In North America, the grandfather clock enjoyed huge popularity. Before the American Revolution, the grandfather clock was the most popular American-made timepiece. American clockmakers were, for the most part, Englishmen working far from the major centre of London, although their designs did differ from those of York and Liverpool. American grandfather clocks were not as rough as the British provincials, but not as elegant as London's best. American clockmakers did not create crude oak cases, nor did they utilize veneers to create complex patterns. American cases tended to be made from mahogany, walnut, cherry or other fruitwood.
Production was being carried out in the colonies, but it is often difficult to identify true American pieces. Some of this difficulty arises because, according to British law, Americans were not to engage in manufacturing. The result was that many clockmakers were reluctant to sign their work. As the Revolution approached, however, there was a push to "buy American" and clockmakers began to advertise locally-made grandfather clocks.
In attempting to trace the source of a grandfather clock, it is important to remember that it was probably made by two people--the cabinetmaker and the clockmaker. Either, both or neither of these names may appear on the clock--or the name of the seller may appear. Quite likely the movement is British in origin and the case is American.
Another scenario is that the case originally held an 18th century American-made movement, but now contains a British one. American-made parts are and were quite rare. Therefore, if the clock required repair, it was easier to replace the entire movement. This is especially true after 1770 when new stamping processes were developed in Britain and factories were set up in Birmingham. The result was that most movement parts had their source in England.
Although the movement's origin may be difficult to trace, the case will probably prove easier. American cabinetmaking has been studied extensively, making it relatively easy to identify styles, makers and dates.

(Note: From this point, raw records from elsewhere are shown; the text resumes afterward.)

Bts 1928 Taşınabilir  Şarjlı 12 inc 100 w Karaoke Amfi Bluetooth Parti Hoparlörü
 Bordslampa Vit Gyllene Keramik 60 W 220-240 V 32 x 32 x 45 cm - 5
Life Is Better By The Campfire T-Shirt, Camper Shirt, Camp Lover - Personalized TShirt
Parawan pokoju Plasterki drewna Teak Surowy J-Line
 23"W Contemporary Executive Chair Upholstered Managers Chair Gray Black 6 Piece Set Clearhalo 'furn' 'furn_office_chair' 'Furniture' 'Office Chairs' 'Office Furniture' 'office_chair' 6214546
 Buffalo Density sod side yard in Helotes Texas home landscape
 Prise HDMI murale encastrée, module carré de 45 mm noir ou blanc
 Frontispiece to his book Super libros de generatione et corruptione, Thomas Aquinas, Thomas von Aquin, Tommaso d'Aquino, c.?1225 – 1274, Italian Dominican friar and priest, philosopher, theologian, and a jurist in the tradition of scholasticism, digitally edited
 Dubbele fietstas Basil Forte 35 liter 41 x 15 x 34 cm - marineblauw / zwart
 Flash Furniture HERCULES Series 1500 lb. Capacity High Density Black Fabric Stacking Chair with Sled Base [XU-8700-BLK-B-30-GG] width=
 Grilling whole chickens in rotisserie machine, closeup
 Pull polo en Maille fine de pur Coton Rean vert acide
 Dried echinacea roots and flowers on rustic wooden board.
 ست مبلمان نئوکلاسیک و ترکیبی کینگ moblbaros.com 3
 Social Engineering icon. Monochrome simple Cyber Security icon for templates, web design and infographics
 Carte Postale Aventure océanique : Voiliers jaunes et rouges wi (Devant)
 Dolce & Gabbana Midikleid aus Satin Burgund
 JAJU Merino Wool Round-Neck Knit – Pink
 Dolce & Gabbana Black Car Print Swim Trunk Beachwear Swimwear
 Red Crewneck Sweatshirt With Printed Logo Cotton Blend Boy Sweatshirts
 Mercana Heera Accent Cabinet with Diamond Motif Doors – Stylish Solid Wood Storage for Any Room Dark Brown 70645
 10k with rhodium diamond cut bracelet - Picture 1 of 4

Before the Revolution, American-made clocks were comparable to the fine clocks in London. Because American makers were conservative in design but high on quality, there are very few lavish or crude American grandfather clocks. As the rural economy was based on farming, life was regulated by the sun and clocks were generally unnecessary. Those people who wanted a clock could afford the best. After the Revolution, however, the economy became more industrialized and time more important. The result was that both production and demand increased. In terms of style, American clocks became more utilitarian and less fashionable.
In general, the inner workings of grandfather clocks remained consistent over the 50 years prior to the Revolution. The works were made of brass with some iron. They tended to be elegant clocks with complex movements, showing the hour, minutes, seconds, day of the month and phases of the moon, and they sounded the hours.
The style of the cases followed the furniture designs of the period, but generally lagged behind by a number of years. The first of these styles was William and Mary. This style flourished in Europe between 1650 and 1700 and in American furniture between 1690 and 1730. In clockmaking it continued until 1750.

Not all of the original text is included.